Timaeus and Moultrie used data from South Africa’s National Income Dynamics Study for their work, which suggested that in South Africa interventions which addressed poor school performance would also reduce teenage pregnancies.

Their study affirmed how pregnant pupils were treated varied between provinces, and from school to school. Some teachers were against having pregnant girls and teenage mothers at school even when it contradicted the school’s official policy.

Timaeus and Moultrie argued that late enrolment at school, and having repeated grades, raised girls’ chances of giving birth as teenagers.

It was girls from low-income backgrounds attending fee-charging schools who were most likely to be behind at school, and at highest risk of becoming mothers as a result.

One explanation was that those girls who were failing at fee-charging schools (who often came from poorer backgrounds) might experience greater stigmatisation and alienation from the schooling system than low achievers at no-fee schools.

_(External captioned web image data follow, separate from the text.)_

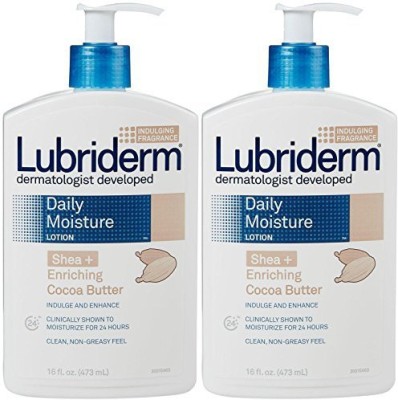 

Lubriderm Daily Moisture Lotion Shea + Enriching Cocoa Butter - 2 Pk(473 ml)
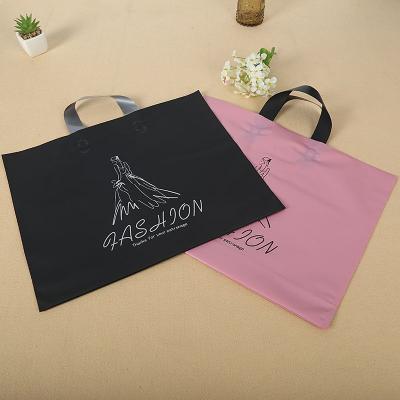 China Fashion high quality printing plastic clothing handbag customized shopping bags can be printed LOGO clothing handbag for sale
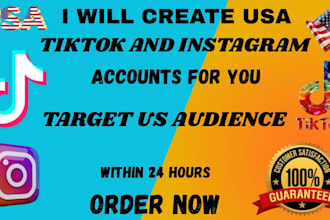 create your instagram account, usa tiktok account, instagram usa account for you
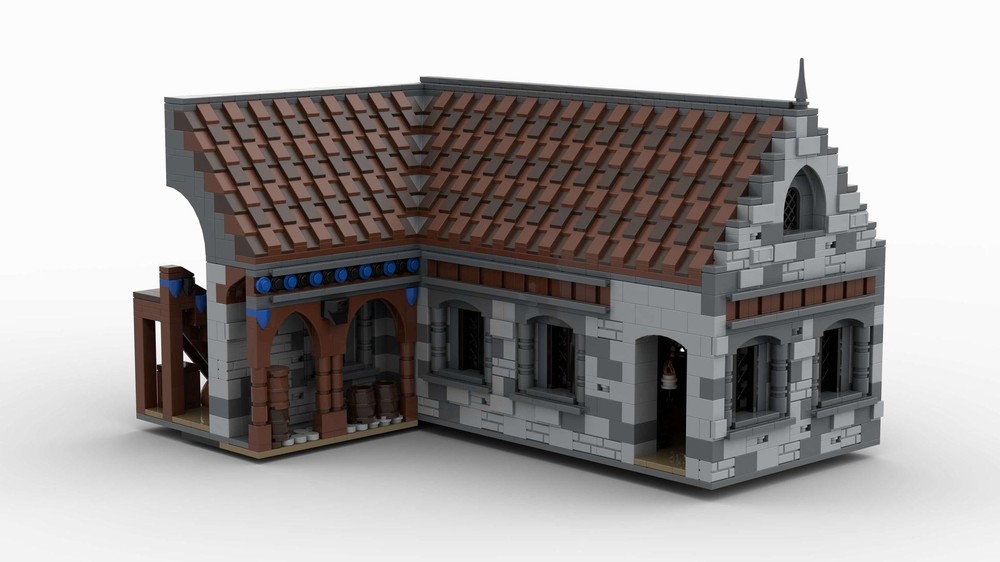 Lego H09 Barracks/Kaserna 1 for my medieval castle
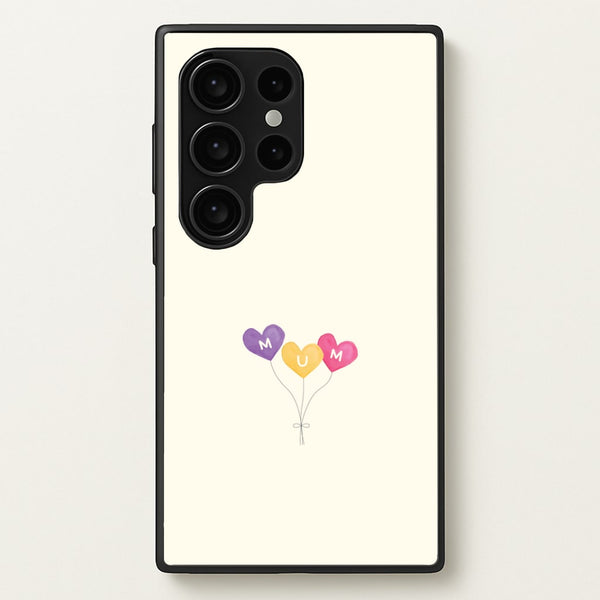 Mum Watercolour Balloons Galaxy S24 Ultra Case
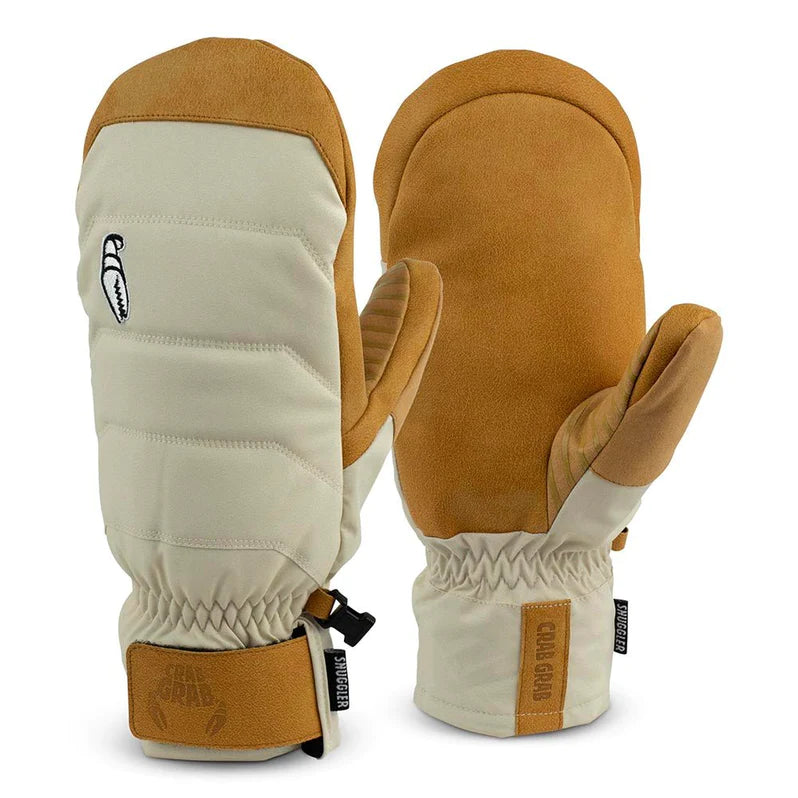 Crab Grab Snuggler Mitten Unisex Cream And Tan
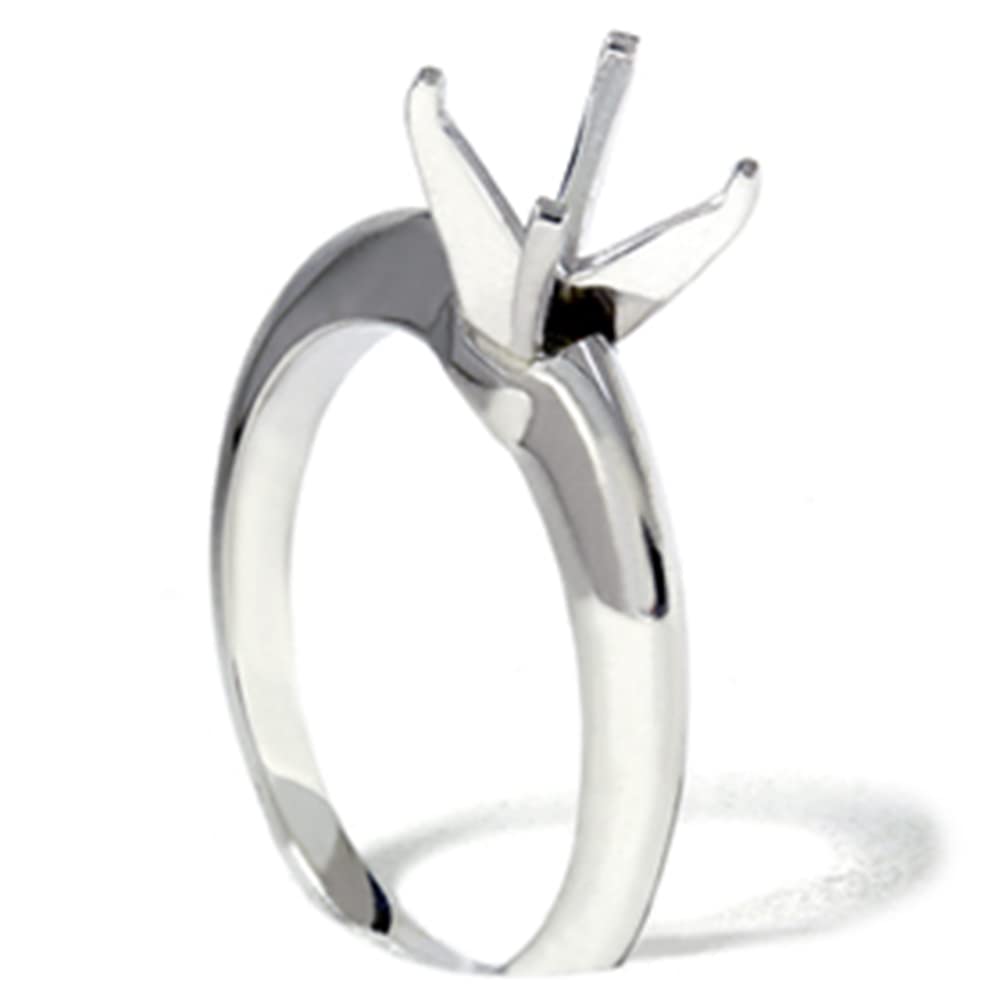 14K Gold Solitaire Engagement Ring Setting with Knife Edge Band - Perfect for Proposals, Weddings & Anniversary Gifts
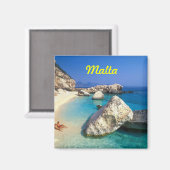 Malta koelkastmagneet magneet (Voorkant / Achterkant)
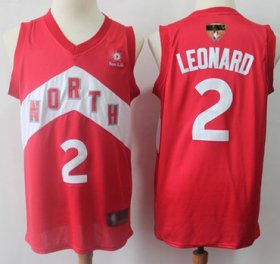 Wholesale Cheap Raptors #2 Kawhi Leonard Red 2019 Finals Bound Basketball Swingman Earned Edition Jersey
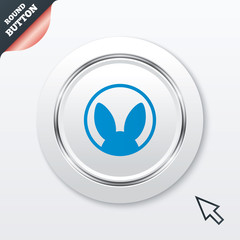 No animals testing sign icon. Not tested symbol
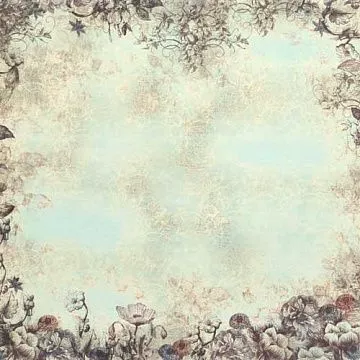 Бумага "Винтаж. Маки, георгины, плющ" (Scrap Inspiration)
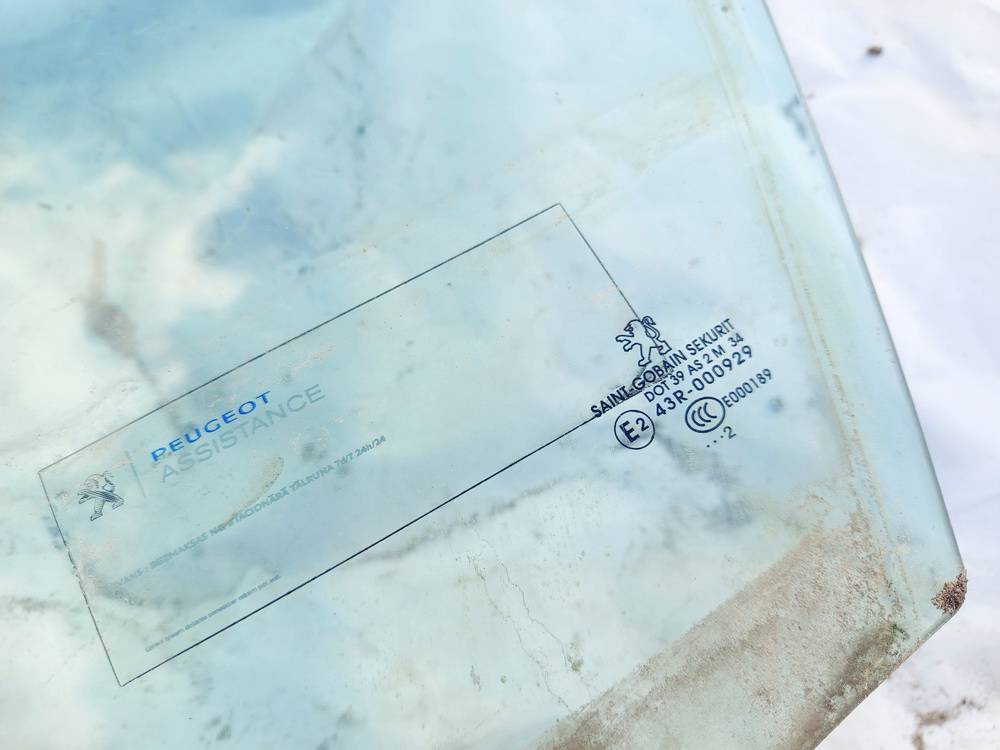 AS2 Peugeot 508 2013 Door-Drop Glass - FRONT LEFT - Thumbnail 3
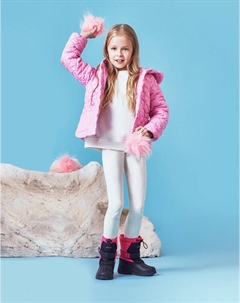 Розовые дутики для девочек Mascotte junior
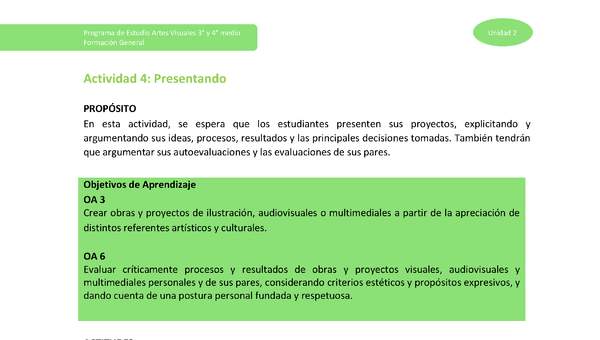 Actividad 4: Presentando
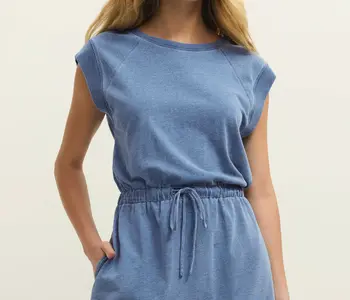 Kalani Jersey Denim Dress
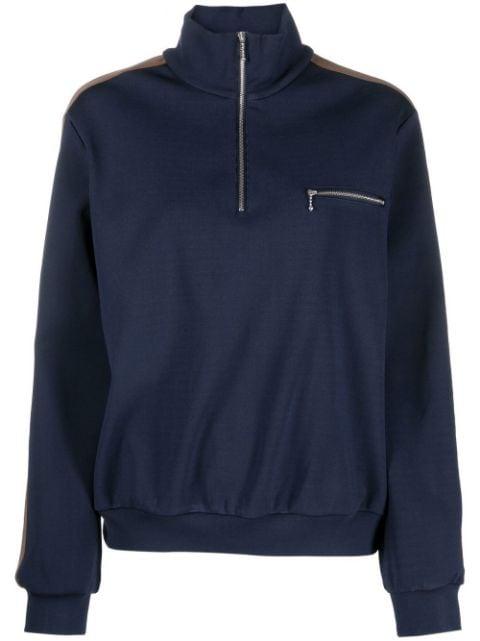 side-stripe detail sweatshirt by TORY BURCH
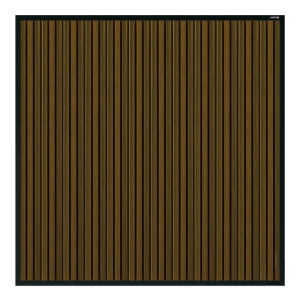 Elephant Dark Line Stripesvertikal WPC Zaun, Driftwood Dark co-extrudiert 180x180cm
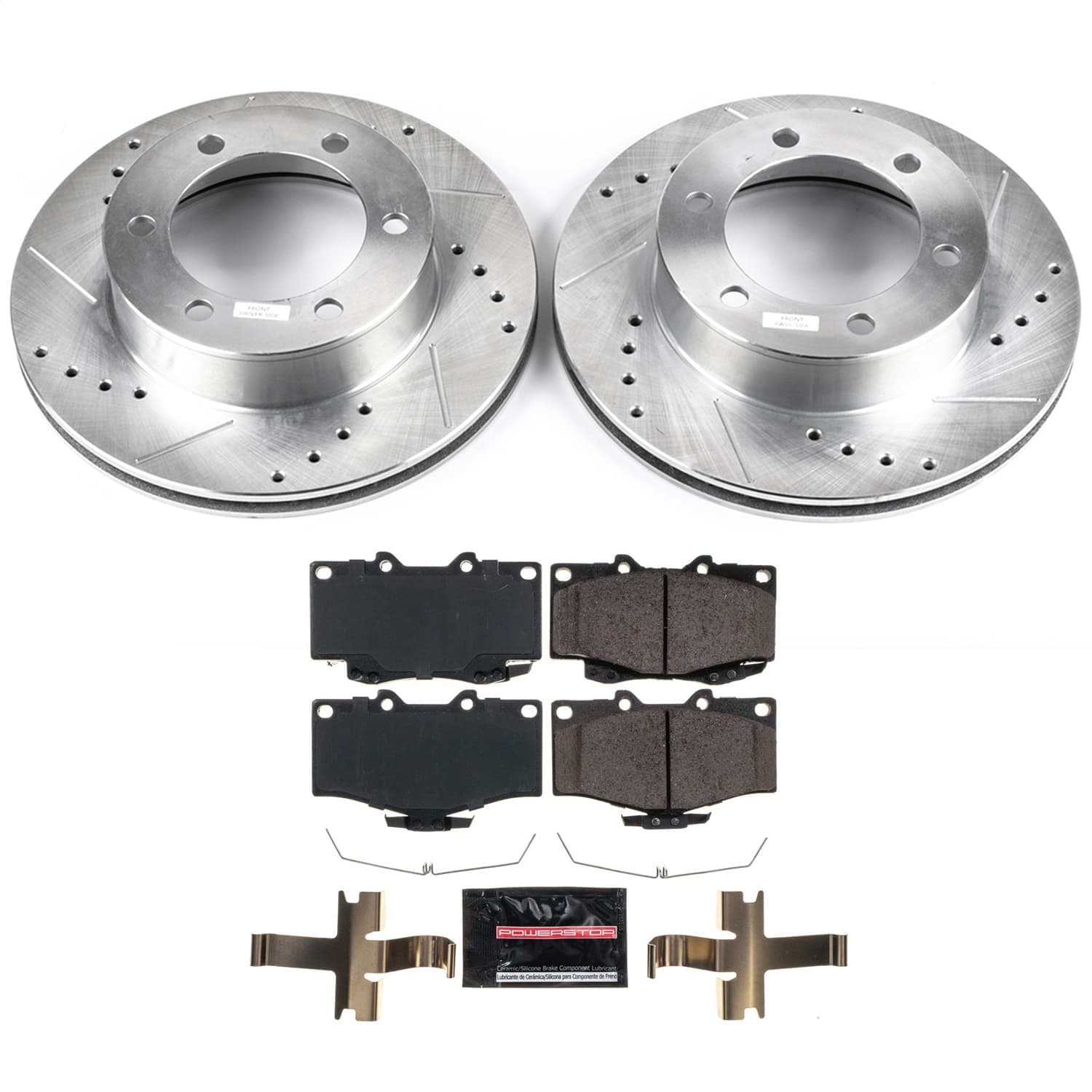 Power Stop - K1233 - Front - Disc Brake Pad and Rotor Kit image 1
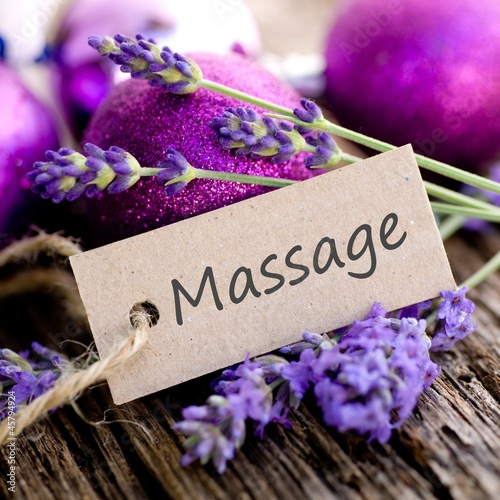 Photo: Label, Massage Label, Massage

Basic Education’s new draft policy will emphasise the right to education, to dignity, and to privacy. It will seek to reduce unintended pregnancies among pupils, and arm teenage mothers with the knowledge to make informed choices on health care during pregnancy and after giving birth.

It is expected to stipulate that each school appoint a teacher who pupils may talk to about preventive measures and health care during pregnancy - in a confidential and non-judgmental manner.

Pupils who decided to take a leave of absence from school were to be allowed to do so.